- Retirees can dramatically reduce exposure to longevity and market risks while growing their investment portfolios.
- A reverse mortgage as an alternative source of cash flow to a traditional investment portfolio hold the greatest benefit for mass affluent Americans.
- Due to the rapid growth in property values, homeowners aged 62 and older have amassed more than $10 trillion in housing wealth.
- Those who use a reverse mortgage as a buffer asset in down-years stand to reduce their exposure to market volatility by nearly 10 times and significantly increase their net worth over a 30-year retirement.
A new study published today by the Journal of Financial Planning reveals that reverse mortgages can provide an essential risk management tool for millions of retirees. Retirees can dramatically reduce exposure to longevity and market risks while growing their investment portfolios.
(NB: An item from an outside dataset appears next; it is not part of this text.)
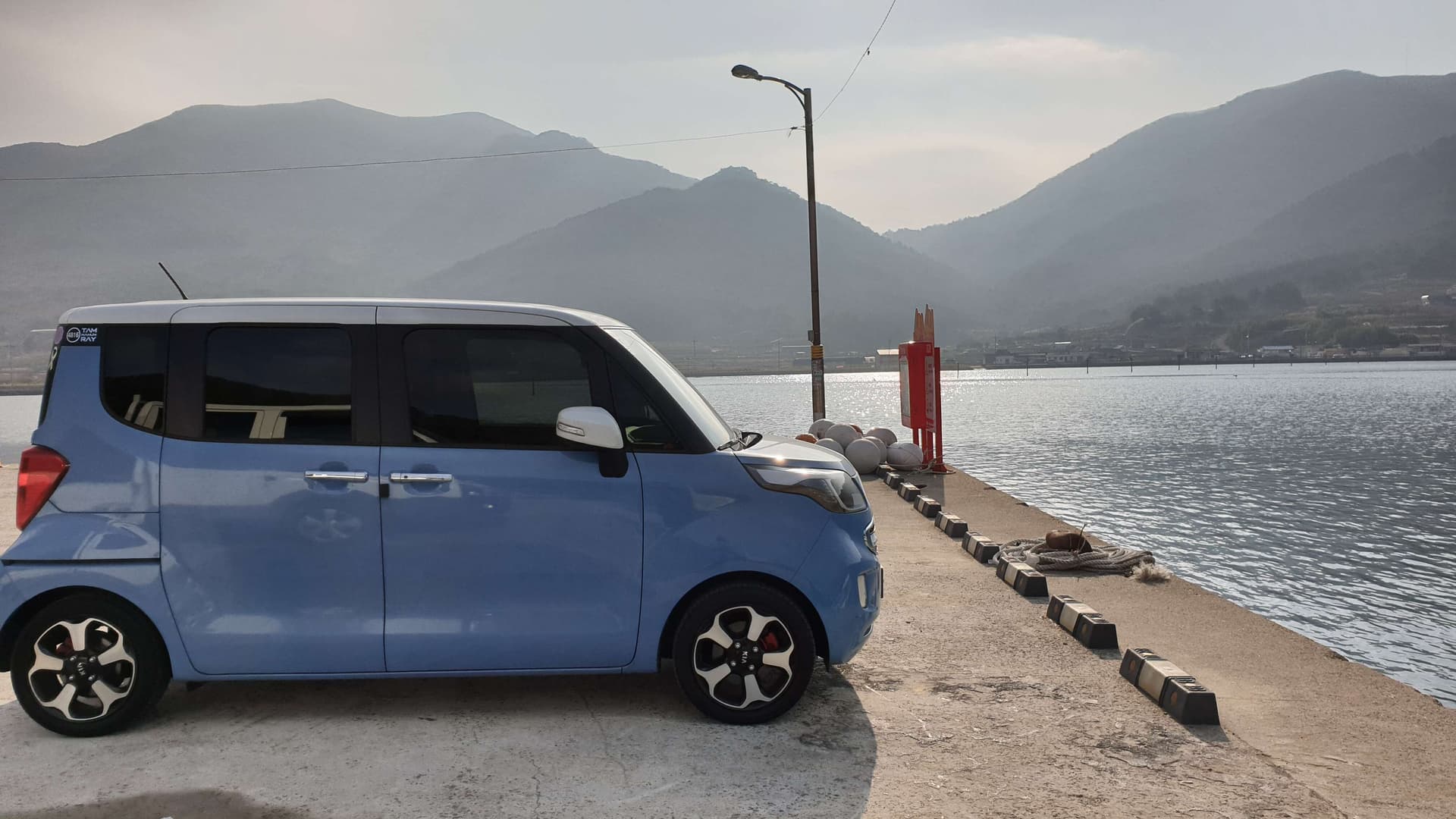 기아 레이 터보 프레스티지 게시글 썸네일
Retirement solutions company, Finance of America Reverse (FAR), recognizes the importance of the study, finding that retirement strategies that use a reverse mortgage as an alternative source of cash flow to a traditional investment portfolio hold the greatest benefit for mass affluent Americans. Those mass affluent Americans are generally defined as having $100,000 to $1.5 million in investable assets.
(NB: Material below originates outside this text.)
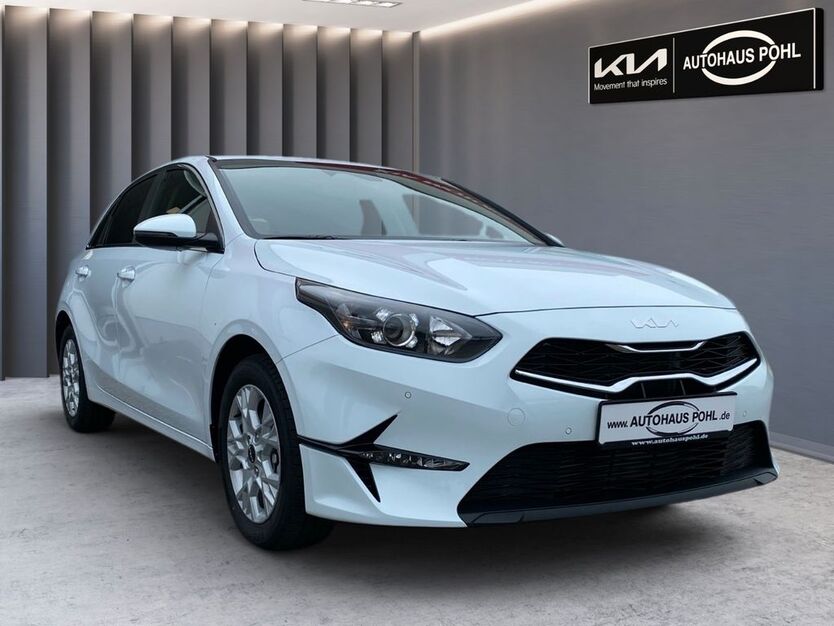 Kia ceed / Ceed 1.900 km 22.190 € Schönebeck (Elbe) 39218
“When it comes to reducing investment risks, this study is perhaps one of the most significant findings since the prevailing Modern Portfolio Theory (MPT) was introduced in 1952,” said Phil Walker, vice president of strategic partnerships and retirement strategies at FAR and a co-author of the study with Drs. Barry and Stephen Sacks. “So many retirees worry that their investments won’t be able to support their lifestyles or last the length of their retirement journeys, and those who draw from their portfolios when markets are depressed are at a permanent disadvantage that they’ll never recoup. Including a reverse mortgage through a Coordinated Withdrawal Strategy solves for this by lowering retirees’ risk of running out of money and substantially increasing their gains over time.”
Market volatility poses a risk for retirees with the losses of a down-market year impacting portfolio growth and, consequently, retirees' available income and overall quality of life. Those who use a reverse mortgage as a buffer asset in down-years stand to reduce their exposure to market volatility by nearly 10 times and significantly increase their net worth over a 30-year retirement.
Due to the rapid growth in property values, homeowners aged 62 and older have amassed more than $10 trillion in housing wealth, according to the National Reverse Mortgage Lenders Association. Although some mass affluent retirees choose to live off real estate investments, royalty incomes, dividends, or other passive income streams, for a vast majority the easiest option is to tap into home equity via a reverse mortgage. Because the proceeds of a reverse mortgage are not taxable, it is likely the most cost-effective alternative income source for retirees.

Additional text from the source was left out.